_DATASET RECORDS_
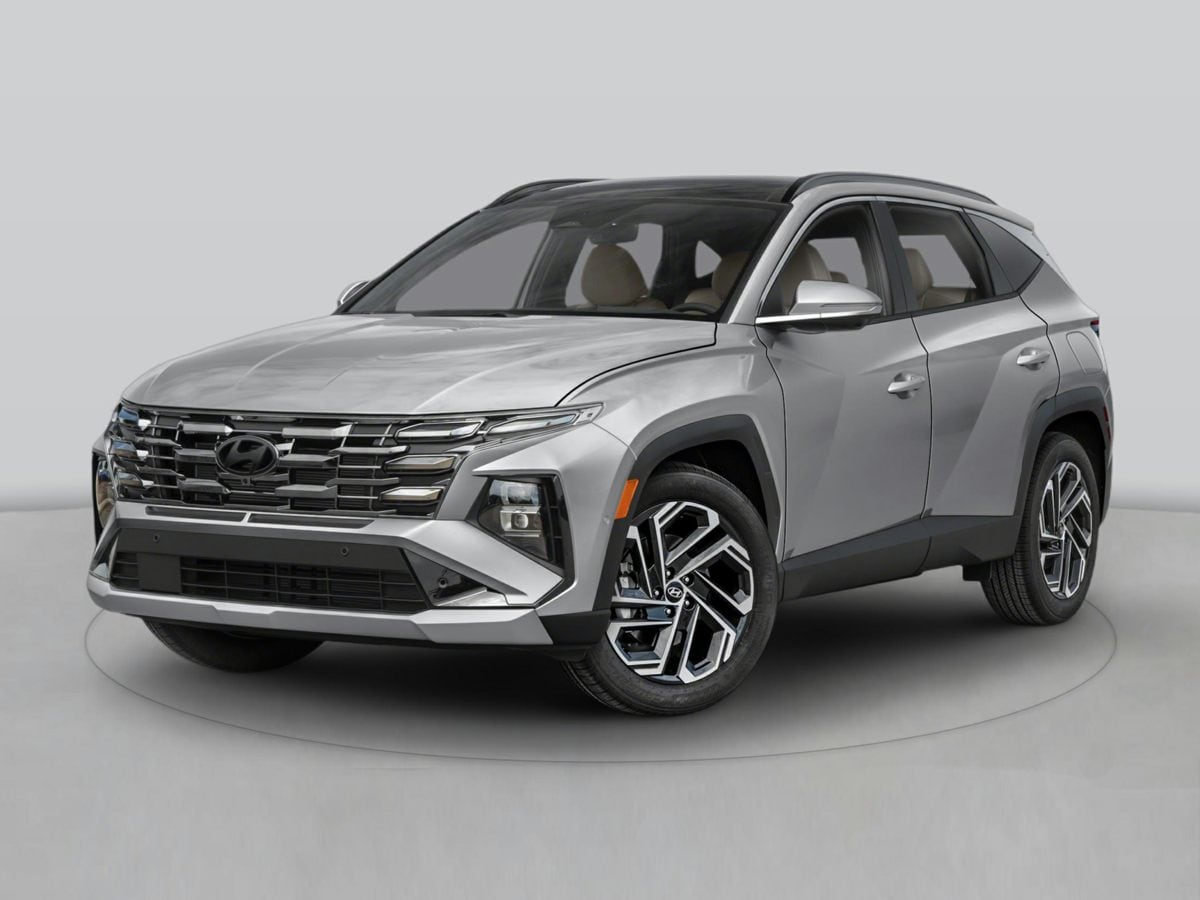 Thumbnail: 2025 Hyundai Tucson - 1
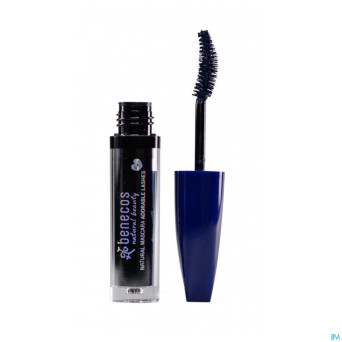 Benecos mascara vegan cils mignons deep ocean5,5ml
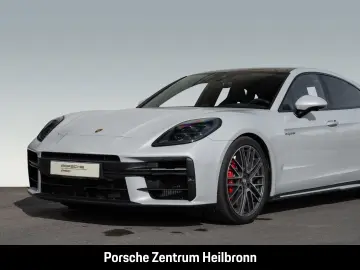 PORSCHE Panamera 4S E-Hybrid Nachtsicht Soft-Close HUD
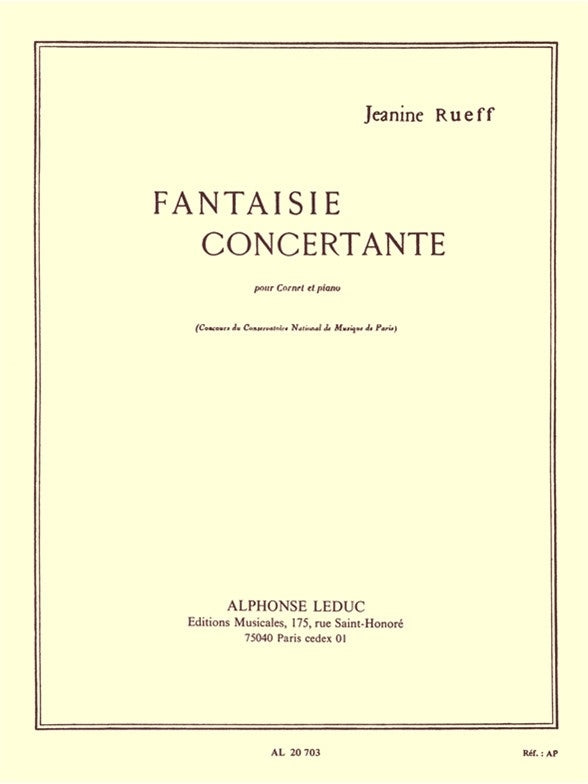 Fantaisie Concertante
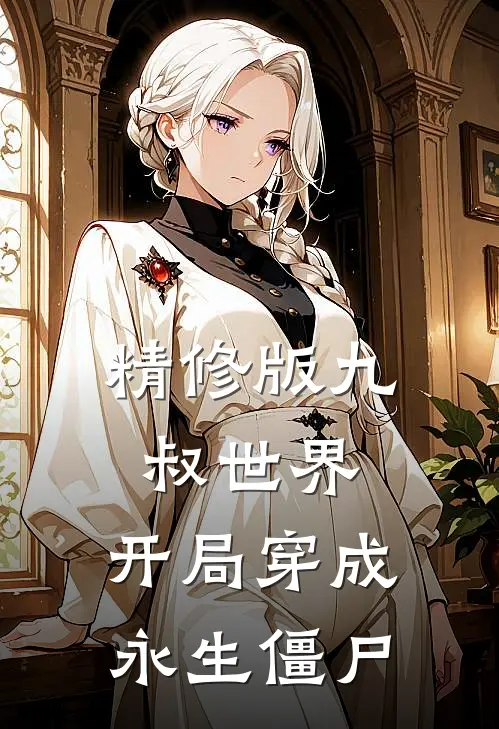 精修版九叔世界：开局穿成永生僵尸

_THE PROBLEM_
Omit the pictures and reproduce the remaining material above exactly.

_EXPECTED OUTPUT_
 Thumbnail: 2025 Hyundai Tucson - 1
 Benecos mascara vegan cils mignons deep ocean5,5ml
 PORSCHE Panamera 4S E-Hybrid Nachtsicht Soft-Close HUD
 Fantaisie Concertante
 精修版九叔世界：开局穿成永生僵尸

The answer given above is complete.